Le programme économique lancé en février 1995 par le gouvernement de Calderon Sol s'inscrit dans la continuité des politiques d'ajustement structurel instaurées par Cristiani au cours des années précédentes. Tout a commencé en effet avec l'arrivée du parti Arena au pouvoir en 1989 : suppression du contrôle des prix, augmentation des tarifs de l'eau, de l'électricité et des transports en commun, réforme fiscale, sont les mesures appliquées alors et qui ont été invariablement reprises par la suite : en 1991, au moment où un accord stand-by a été signé avec le FMI, accompagné d'un prêt d'ajustement structurel (PAS) de la Banque mondiale et d'un crédit de la Banque interaméricaine du développement (BID) ; en août 1993 avec l'attribution d'un nouveau PAS.
Ces mesures conjoncturelles ont été accompagnées de réformes à plus long terme : réformes du commerce extérieur, avec l'unification des taux de change et l'abaissement des droits de douane, privatisations dans le secteur bancaire, déréglementation.
Jusque-là, rien que de très banal, si on compare ces mesures aux différentes politiques d'ajustement structurel menées un peu partout. La différence réside dans les résultats à court terme de ces mesures et dans leurs risques à long terme.
En apparence, les résultats recherchés ont en effet été obtenus. Le taux d'inflation a été réduit de 23,3 % en moyenne annuelle entre 1985 et 1989 ; à 11,2 % en 1992. Et surtout, la croissance a repris, contrairement à ce qui s'est produit dans la plupart des pays du tiers monde « sous ajustement », qui ont sombré dans la récession : l'augmentation du PIB est passée de 1,6 % par an entre 1990 et 1992 à 3,8 % entre 1990 et 1992, croissance qui s'est encore accélérée depuis pour atteindre 7 % en 1994.

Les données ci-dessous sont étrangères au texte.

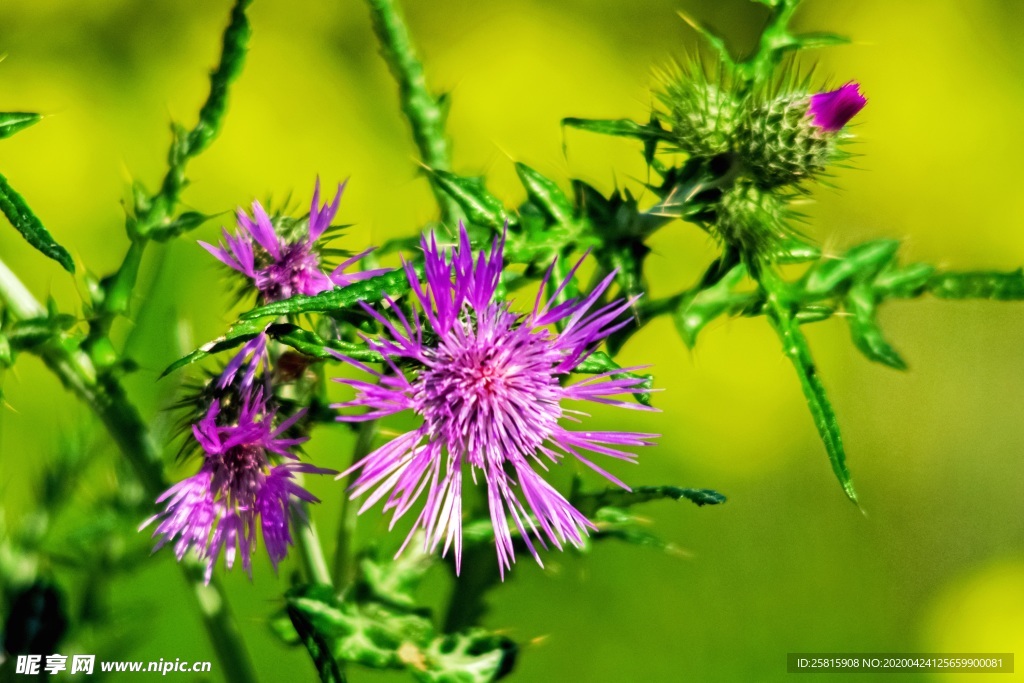 水飞蓟唯美图片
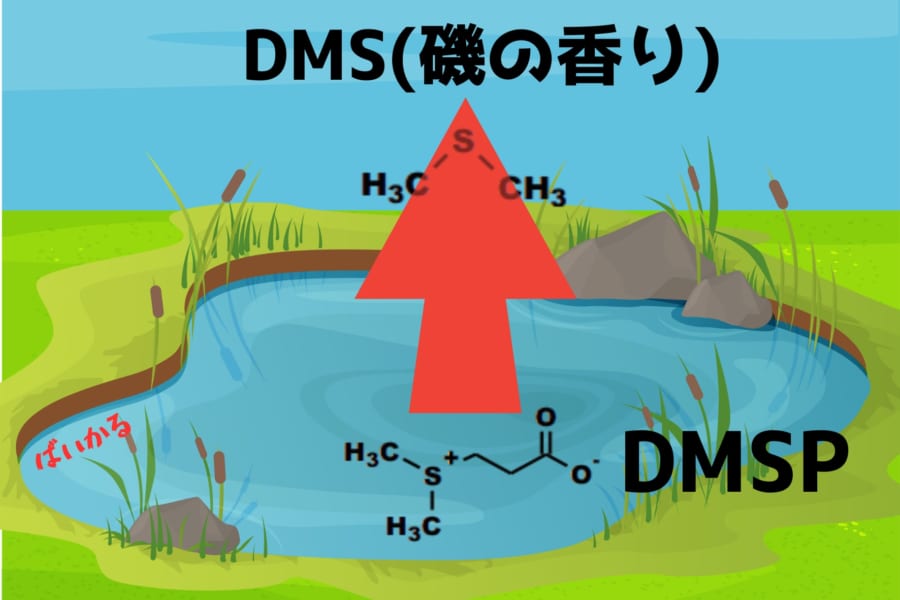 海から離れた湖の淡水プランクトンも「磯の香り」の原因となる化合物を作っていた！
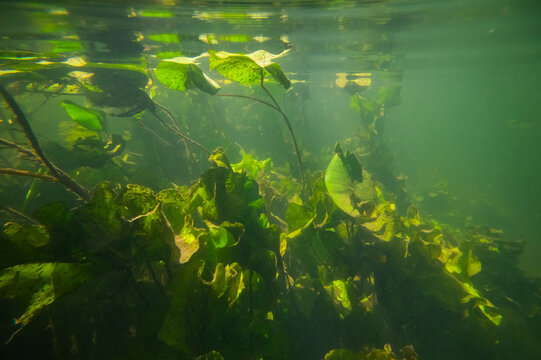 View of Klatovske rameno with lush aquatic plants and water lilies submerged in the clear river water in Horne Myto, Trnava Region, Slovakia.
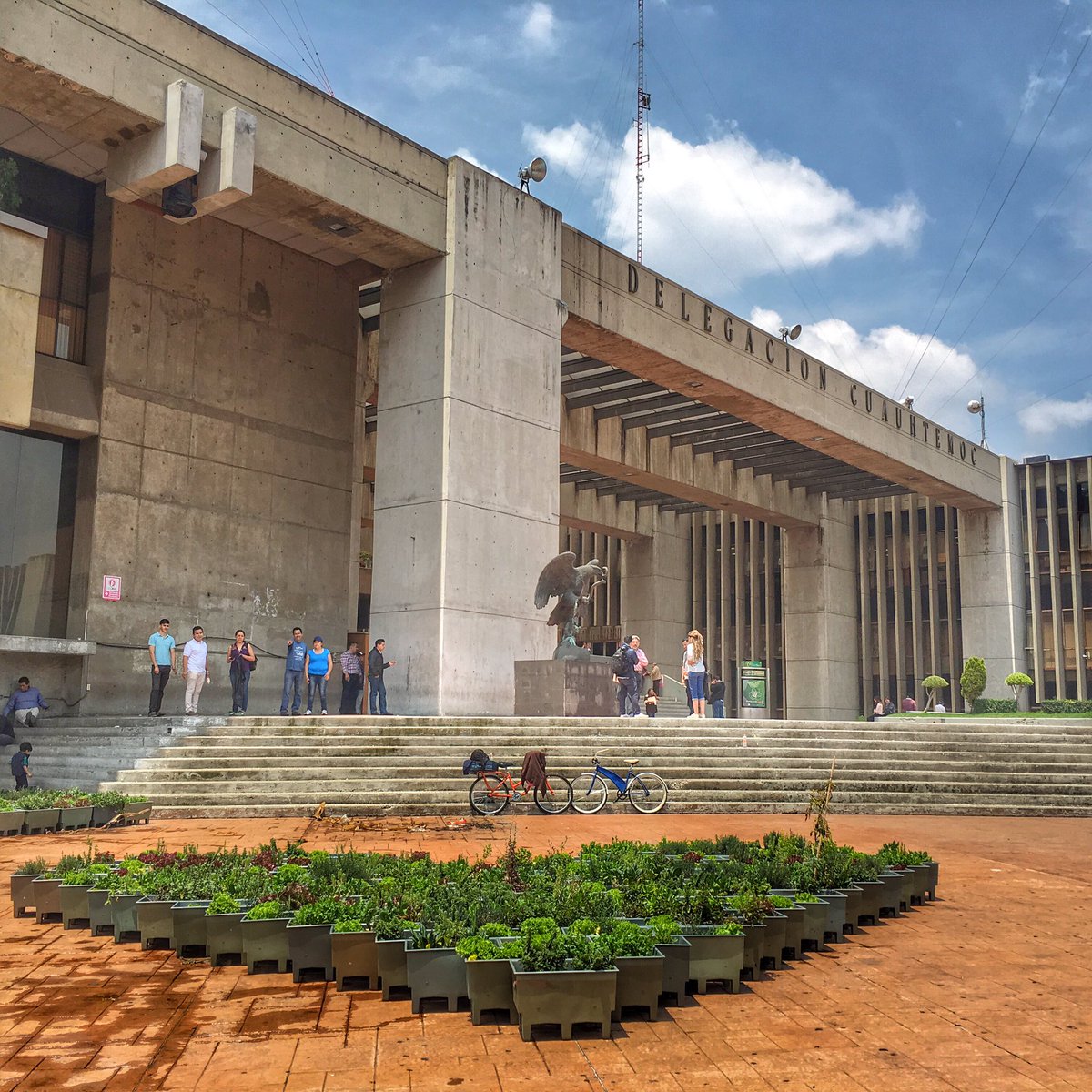 JavierH_DGA's tweet image. Late con fuerza #CorazónDeMéxico en @E_CuauhtemocMX ... &amp;lt;3 . @RicardoMonrealA . #HuertosUrbanos  . @efectoverde .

Cependant, cette croissance risque de se révéler fragile. En effet, elle a été soutenue par un développement du secteur exportateur et une reprise de la consommation, en particulier des classes aisées. L'effet mécanique en a été une croissance considérable des importations de biens d'équipement et de biens intermédiaires, plus rapide que celle des exportations, et donc un doublement du déficit commercial. Celui-ci est passé de 524 millions de dollars en 1989 à 1,125 milliard en 1994.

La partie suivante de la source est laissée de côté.